Même chez nous, au sein de l’UE : les politiques sont victimes des chantages des banques .
«Les banques d’affaires sont à l’affût pour gagner de l’argent, car le nombre de transactions a diminué. Il est tentant pour elles de spéculer sur les dettes souveraines. Cela montre la perversité des mécanismes actuels : les trading desks des banques continuent à spéculer, alors que les Etats ont aidé, et parfois sauvé, ces banques. Et des bonus énormes sont toujours versés aux artistes de ce genre de sport.»
(…)
«Le monde politique est persuadé que les activités de trading sont nécessaires pour servir les clients des banques. C’est faux, c’est de la pure spéculation ! Les politiciens sont victimes du chantage des banques et de leur propre méconnaissance des rouages financiers. Ils confondent sauver les déposants et sauver les banques. Ce n’est pas la même chose. On peut protéger l’un sans subventionner les bénéfices de l’autre. On a eu tort de sauver les banques sans en exiger des réformes de fond, et d’avoir maintenu la capacité à spéculer qui nuit maintenant aux Etats. Les banques continuent à prendre des risques insensés et à financer les spéculateurs en tout genre, hedge funds et autres, qui ne sont cependant qu’un problème secondaire. Le principal problème, ce sont les banques qui financent la spéculation avec l’argent du contribuable et les garanties des Etats.»
Voilà donc un modèle à suivre : Refuser de payer par l’argent public les dettes et investissements foireux de gogos adeptes du libéralisme, ne pas laisser des élites corrompues et endogamiques décider de la vie des citoyens sans en assumer les risques.
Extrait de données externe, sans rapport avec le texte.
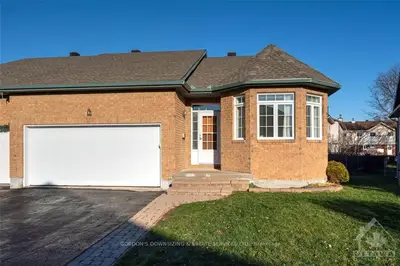 551 Chapel Park, Orleans - Convent Glen And Area, On K1c 7p2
Il faut donc séparer les activité de depots et financières des banques, leur imposer une réduction drastique des frais bancaires, rendre obligatoire la publication de l’exposition à des risques des dépots des citoyens ( assurance vie, livret d’épargne) et ne plus garantir les défauts des banques privée au delà d’un niveau correspondant d’un standing de vie moyen. Interdire les produits financiers déconnectés de la possession d’un bien ou de parts d’une entreprise ou d’assurances déconnectés d’un tel bien… Et aussi expliquer clairement aux gogos clients de tels montages financiers que leur pactole ne sera donc plus garanti au delà de pas grand chose : La prise de risque doit être assumée n’est ce pas les libéraux ?
Et posez vous la question, comme c’est étonnant de voire que ce sujet qui concerne la vie d’une nation jusqu’en 2046 soit si peu traités par les médias, sachant que désormais le conflit va se retrouver devant la justice internationale.
Notes :
[1] Alors que les banksters de l’UE empruntent à 1,5% en ce moment.